Records shown:
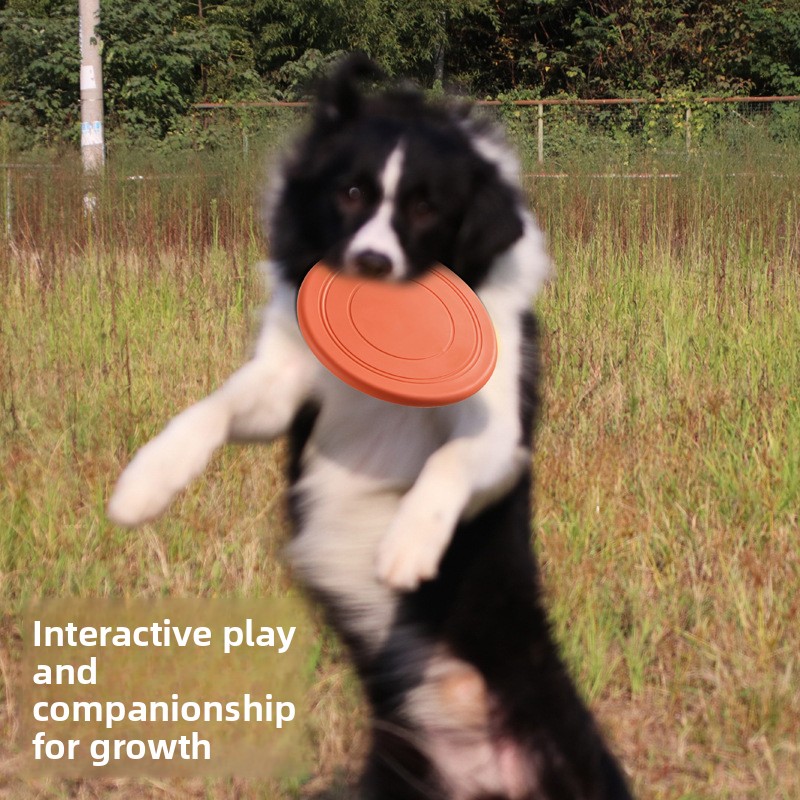 Soft Flying, Dog Toys Interact – Frisbee Freestyle Disc Bewertung und Preis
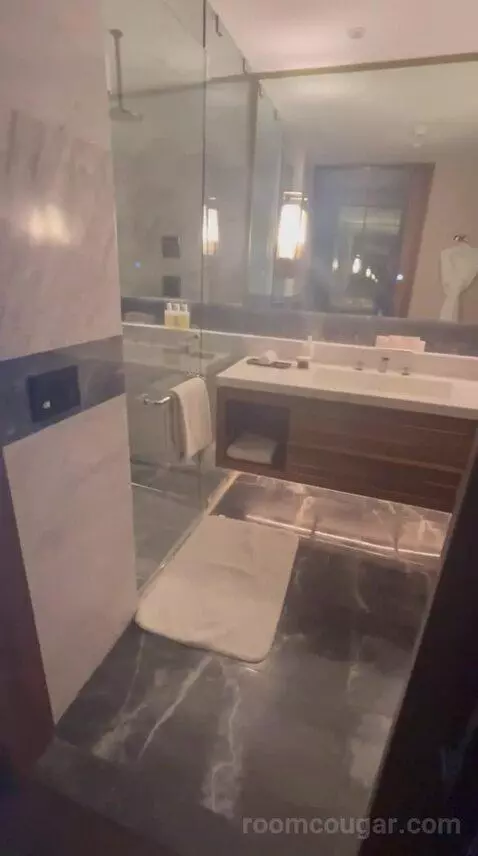 Junior Suite with Concierge Lounge Access and 1 King bathroom picture #5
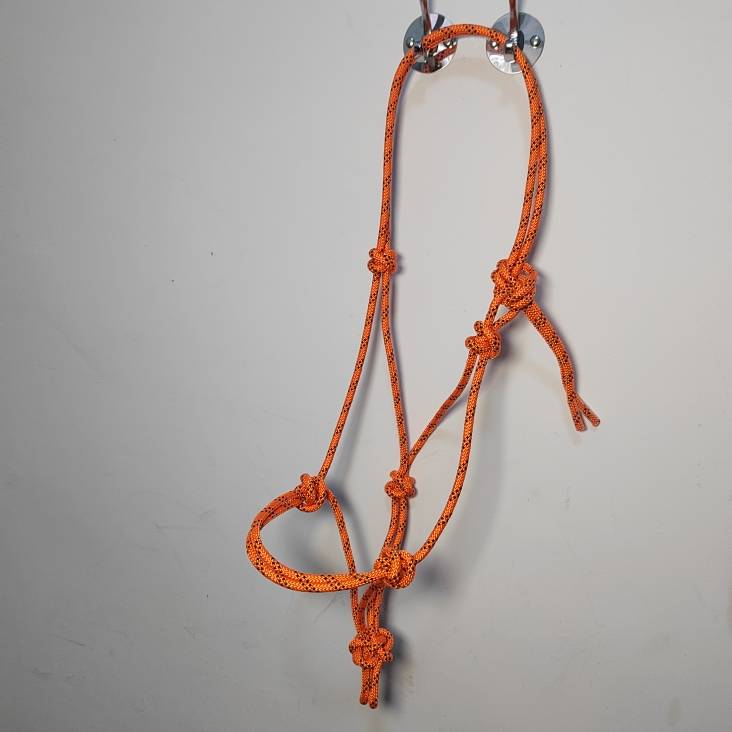 Orange L (155-165 cm shoulder height)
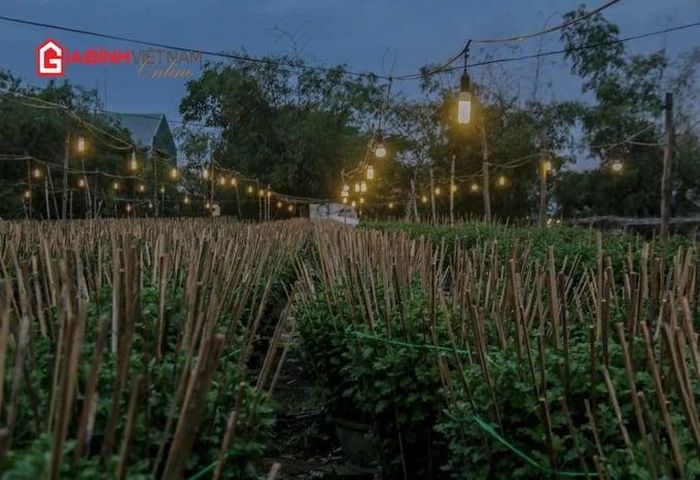 Nhiều làng hoa ở Quảng Trị cũng đang tất bật chăm sóc hoa phục vụ Tết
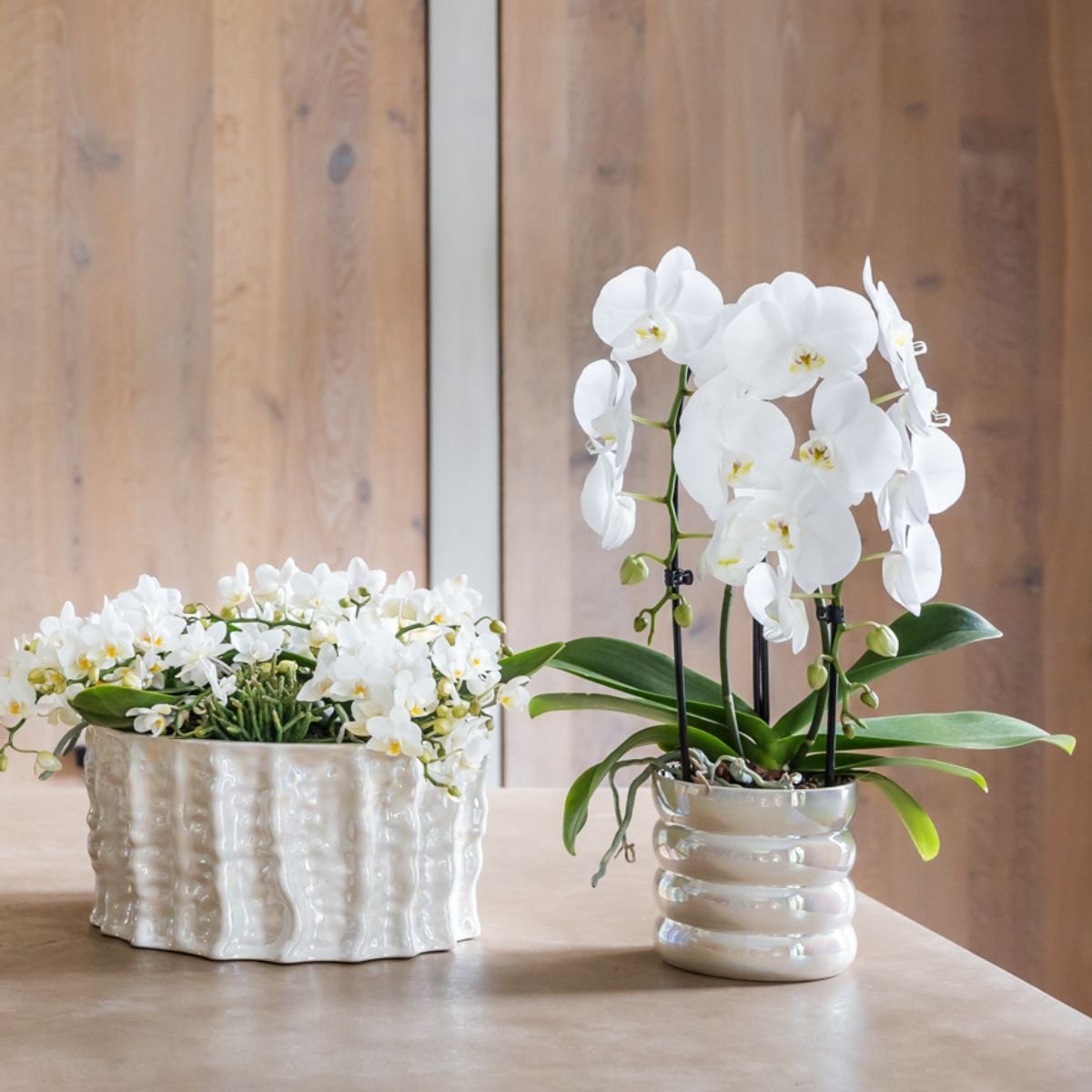 Kolibri Orchids | Pflanzenset Glow Travertin - Weiße Phalaenopsis Orchideen Niagara Fall White, Mineral Amabilis & Sukkulente
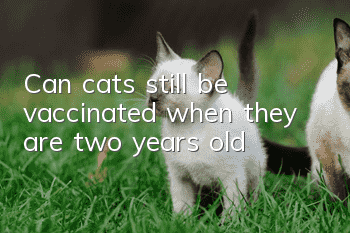 Can cats still be vaccinated when they are two years old?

Work to complete:
Return exactly the lines that begin with the one containing "Kolibri Orchids |" and end with the final line of the data above; include no pictures.

Exercise solution:
 Kolibri Orchids | Pflanzenset Glow Travertin - Weiße Phalaenopsis Orchideen Niagara Fall White, Mineral Amabilis & Sukkulente
 Can cats still be vaccinated when they are two years old?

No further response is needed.